■ **WHAT TO DO**:
Once you find the line with "Moon Glitter Holographic" in the entries below, print it and each line after it up to and including the line with "Kadıköy port.", exactly, without pictures.

■ **THE DATA**:
--------------------------------

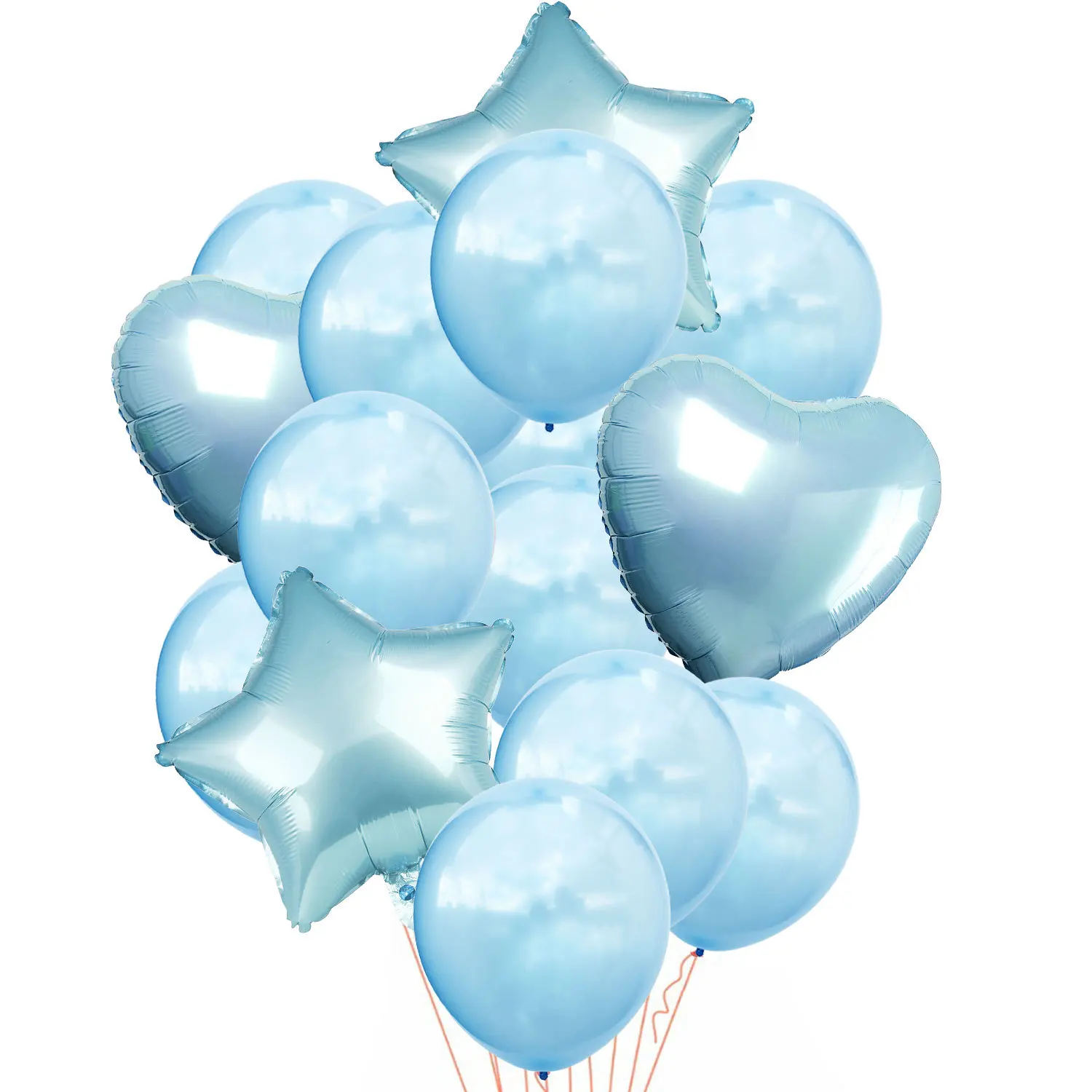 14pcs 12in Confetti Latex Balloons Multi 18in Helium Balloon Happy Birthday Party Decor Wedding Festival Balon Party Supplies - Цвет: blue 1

--------------------------------

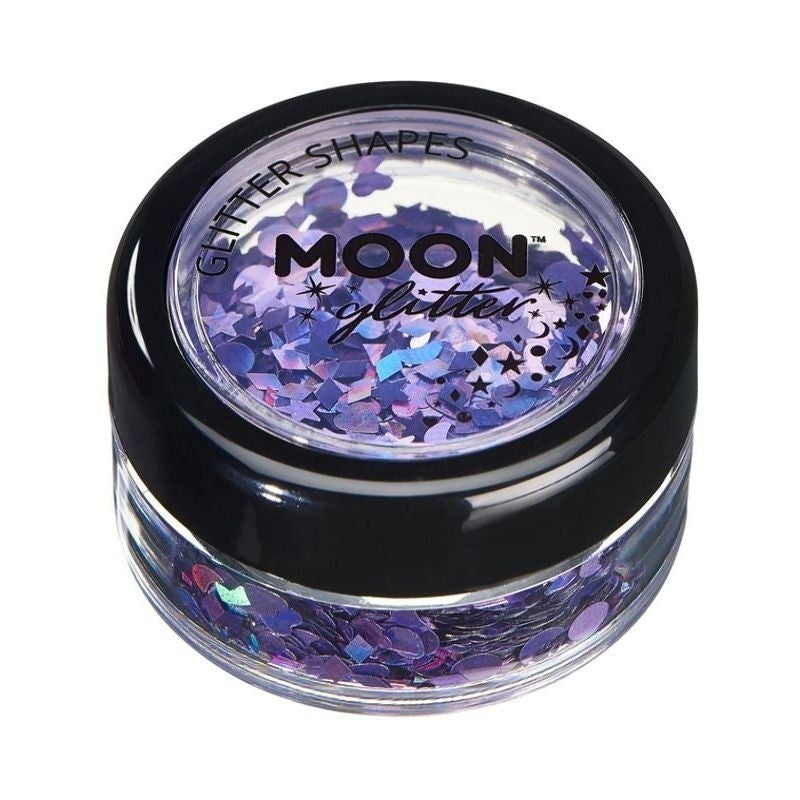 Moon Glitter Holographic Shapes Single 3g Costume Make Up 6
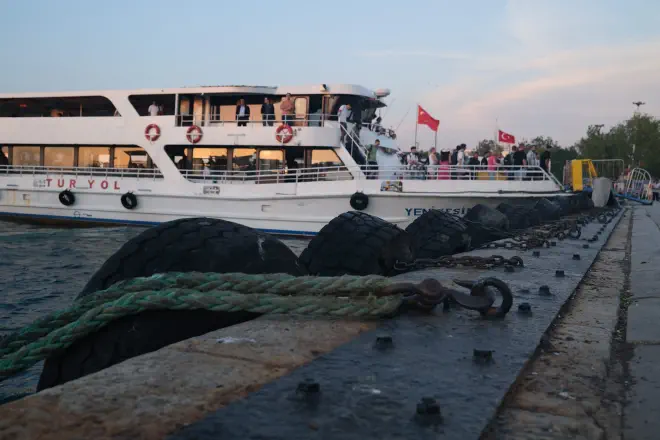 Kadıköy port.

--------------------------------

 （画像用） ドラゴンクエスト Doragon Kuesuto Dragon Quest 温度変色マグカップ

--------------------------------

■ **SOLUTION BELOW**:
 Moon Glitter Holographic Shapes Single 3g Costume Make Up 6
 Kadıköy port.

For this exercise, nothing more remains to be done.